Looking at the coefficients, MilkProd is the most significant factor. A unit milk production would increase fat price by a factor of 0.35. The other two features are less significant. Looking at the coeficient of determination, R-squared value is 0.25 doesn't show a strong model.

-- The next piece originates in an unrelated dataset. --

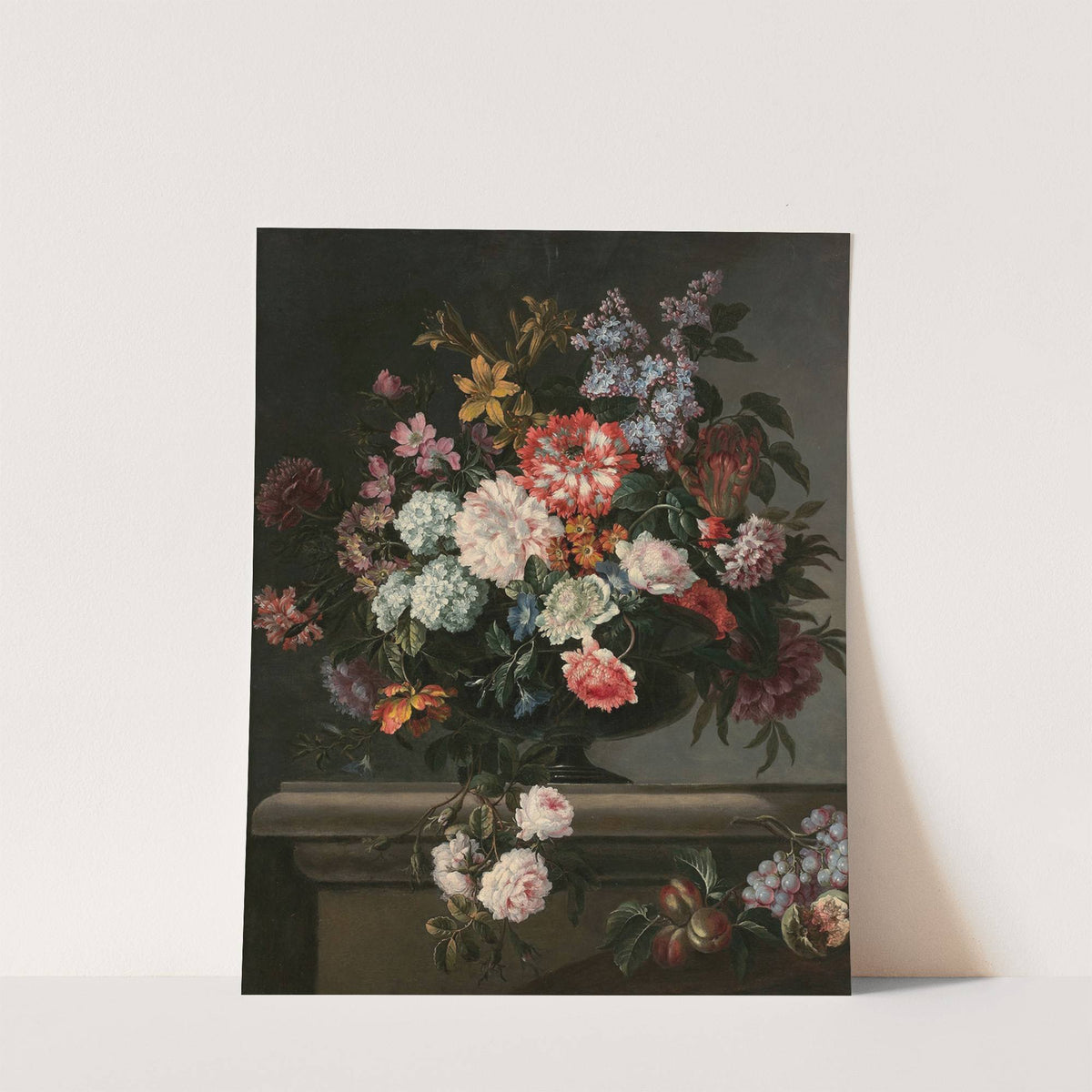 Vase de fleurs et fruits sur un entablement by Jean-Baptiste Monnoyer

Let's build a regression model with only MilkProd as independent feature.

In [29]:
features_used1 = [ "MilkProd"]
x1 = train[features_used]
y1 = train.FatPrice
In [30]:
# fit a regression model
lm_model1 = LinearRegression()
lm_model1.fit(x1, y1)
Out[30]:
LinearRegression(copy_X=True, fit_intercept=True, n_jobs=1, normalize=False)
In [31]:
# coefficients of the model
print'Coefficients:'
print ('Intercept: ' + str(lm_model1.intercept_))
zip(features_used1, lm_model1.coef_)
Coefficients:
Intercept: 0.802389807794
Out[31]:
[('MilkProd', -0.090395152609967278)]
In [32]:
#coefficient of detemination of the training dataset
print 'R-squared: %0.2f'% lm_model1.score(x1,y1)
R-squared: 0.25

There is difference is the R-squared value.

In [33]:
#plt.plot(train, lm_model.predict(train), color='blue',linewidth=3)

Model Evaluation

Mean Absolute Error (MAE) is the mean of the absolute value of the errors:

$$\frac 1n\sum_{i=1}^n|y_i-\hat{y}_i|$$

Mean Squared Error (MSE) is the mean of the squared errors:

$$\frac 1n\sum_{i=1}^n(y_i-\hat{y}_i)^2$$

Root Mean Squared Error (RMSE) is the square root of the mean of the squared errors:

$$\sqrt{\frac 1n\sum_{i=1}^n(y_i-\hat{y}_i)^2}$$
In [35]:
testing = test[features_used]
testing_y = test.FatPrice
test_predicted= lm_model.predict(testing)
Predicted_result = pd.DataFrame({"Observed":testing_y,"Predicted":test_predicted})
Predicted_result.head()
Out[35]:
Observed Predicted
157 1.4645 1.699825
158 1.3452 1.655022
159 1.3252 1.755014
160 1.3948 1.692029
161 1.4999 1.715517
In [36]:
# calculate MAE using scikit-learn
print metrics.mean_absolute_error(testing_y, test_predicted)
0.277952373732
In [37]:
# coffient of determination for the testing dataset
print 'R-squared: %0.2f'% lm_model.score(testing, testing_y)
R-squared: -0.04
In [38]:
# calculate MSE using scikit-learn
print metrics.mean_squared_error(testing_y, test_predicted)
0.125656951137
In [39]:
# calculate RMSE using scikit-learn
print np.sqrt(metrics.mean_squared_error(testing_y, test_predicted))
0.354481242293

Plot of the fitted model for the testing dataset

In [40]:
sns.pairplot(Predicted_result, x_vars='Observed', y_vars='Predicted', size=15, aspect=0.5, kind='reg')
Out[40]:
<seaborn.axisgrid.PairGrid at 0x203602b0>
In [ ]:
# the same plot can be created using
#plt.scatter(Predicted_result.Observed, Predicted_result.Predicted,  color='blue')
#plt.xticks(())
#plt.yticks(())
#plt.show()

This is not an ideal fit. This is one of those examples in which linear regression is not a good model to predict with. In the next section, I will apply support vector machine(svm) to see if I can get a better model.